The table below shows the threshold, target, and maximum performance measure levels the Human Resources Committee established during the first quarter of 2015. This mix of performance measures encourages employees to focus appropriately on the Companys key financial and strategic objectives. The potential payout on each performance measure was 0% to 200% of the target award related to that measure, depending on whether our performance on that measure was at or below threshold (payout of 0%), between threshold and target (payout greater than 0% but less than 100%), between target and maximum (payout between 100% and 200%), or at or above maximum (payout of 200%). For performance between Threshold and Target or Target and Maximum, the achievement percentage for each performance measure was determined by linear interpolation. The Committee certified the following actual performance level and percentage of target payout for each of the 2015 MIP performance measures for the named executive officers.
2015 Performance Metrics
For purposes of the MIP, EBIT is defined as earnings before interest and taxes after eliminating unusual or non-recurring items; cost is defined as operating expenses plus cost components of gross margin covering occupancy, advertising materials, distress loss, net delivery freight and net advertising freight; and working capital is defined as total current assets (excluding cash and cash equivalents) less total current liabilities (excluding short term debt). The Committee approved adjustments to the performance measures to eliminate the net impact of the following events (the Adjustments) on EBIT, cost as a percentage of net sales, and working capital as a percentage of net sales (as so adjusted, Adjusted EBIT, Adjusted Cost Factor, and Adjusted Working Capital Efficiency, respectively): write offs of previously capitalized costs from financing activities; the impact on financial results of any acquisitions or dispositions during 2015, such impact to be as projected in the final financial valuation of the transaction presented to the Board prior to the Boards approval of the transaction; charitable contributions to the Essendant Charitable Foundation; impairment of goodwill and other intangible assets; curtailment, settlement or termination of any pension plans; litigation or claim judgments and settlements; and restructuring costs and extraordinary items identified in the Companys audited financial statements, including footnotes.

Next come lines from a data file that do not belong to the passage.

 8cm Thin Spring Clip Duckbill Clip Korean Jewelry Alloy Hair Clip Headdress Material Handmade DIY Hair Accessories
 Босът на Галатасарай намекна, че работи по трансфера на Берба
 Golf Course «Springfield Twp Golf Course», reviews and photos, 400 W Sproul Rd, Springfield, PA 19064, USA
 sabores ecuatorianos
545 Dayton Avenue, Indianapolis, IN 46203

Although management exceeded cost savings targets in 2015, our results fell short of the threshold levels of the MIP performance metrics. The Human Resources Committee determined that Adjusted Cost Factor, as defined, would not appropriately reward management for their cost savings achievements. The Adjusted Cost Factor definition measured costs against net sales after giving effect to the Adjustments (Adjusted Revenue). Revenue experienced declines in 2015 due primarily to weakness in the energy and industrial sectors; decreased sales of paper and janitorial and sanitation products were also contributing factors. Actual 2015 costs (as defined for purposes of MIP after giving effect to the Adjustments described above and the adjustments to operating expenses shown on Appendix A (to the extent not reflected in the Adjustments) and after eliminating reductions in variable costs attributable to the shortfall in actual net sales compared to net sales under our 2015 operating plan (Plan Revenue)) were $870 million, compared to 2015 operating plan costs of $883 million. Applying $870 million of costs against Plan Revenue would have resulted in an Adjusted Cost Factor of 15.01%, better than a MIP target of 15.25%. Although that level of achievement would have resulted in an overall MIP payout of approximately 30%, the Committee, taking into consideration all aspects of our performance, determined that a payout of 25% of MIP target was appropriate.

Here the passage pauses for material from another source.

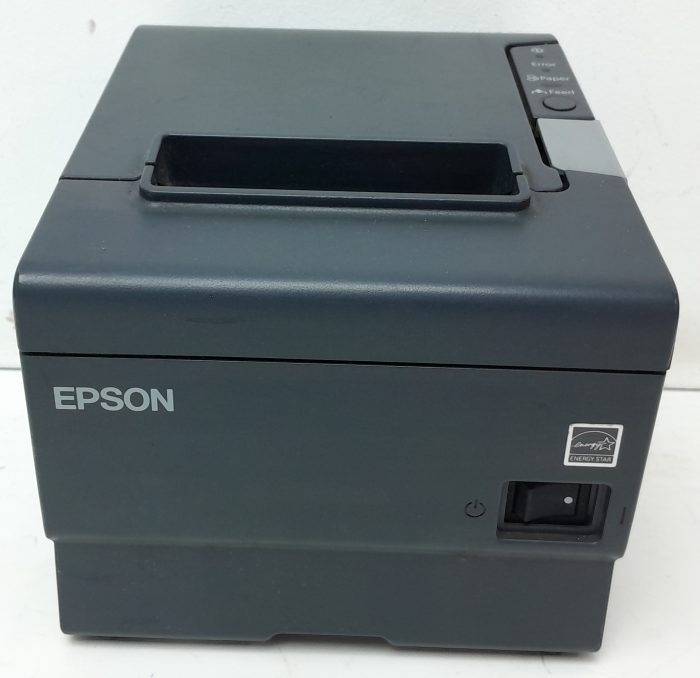Epson TM-T88V M244A Label Printer - Image 6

For each named executive officer, 20% of the payout approved by the Human Resources Committee for all executive officers as a group was subject to an adjustment by the Human Resources Committee (or the independent directors on the Board, in the case of Mr. Aiken), based on the Committees/Boards assessment of the executives individual performance against specific individual performance targets. For outstanding performance, the executives total payout could have been increased up to 10%, from 25% to 27.5%. For unsatisfactory performance, the executives total payout could have been decreased as much as 20%, from 25% to 20%. The Human Resources Committee and, for Mr. Aiken, the Board assessed the achievements for each named executive officer against the performance goals and determined not to adjust the payouts for individual performance factors.
The annual cash incentive award payout chart below reflects our achievement of the MIP performance measures for the past ten years and underscores our pay-for-performance approach. As shown in the chart, the MIP payout has been at or above the overall target level three times in the last ten years, but during that period we have never achieved the maximum performance level. The annual incentive payout percentage over the last ten years (excluding 2009 in which executive officers did not participate in the MIP) has averaged 83%:
In order for the Company to receive an income tax deduction for MIP amounts payable to MIP participants who are covered employees for purposes of Section 162(m) of the Internal Revenue Code (the Code), the payouts to Mr. Connolly, Mr. Blanchard, and Mr. Phillips as calculated under the MIP are paid from a separate pool established under the stockholder-approved LTIP (the MIP incentive pool). Mr. Aiken and Mr. Shanks were not covered by the MIP incentive pool because they joined the Company after the MIP incentive pool was established. The MIP incentive pool for 2015 was an amount
equal to 10% of 2015 EBIT (as defined under the MIP). The Committee used its discretion to reduce the payouts to each participant covered by the MIP incentive pool to equal the 25% payout described above.
Sign On Bonus
Mr. Aiken received a $166,000 sign on bonus for joining the Company as Interim President and CEO. This bonus was paid to compensate Mr. Aiken for compensation he gave up as the Company asked him to leave his prior employer.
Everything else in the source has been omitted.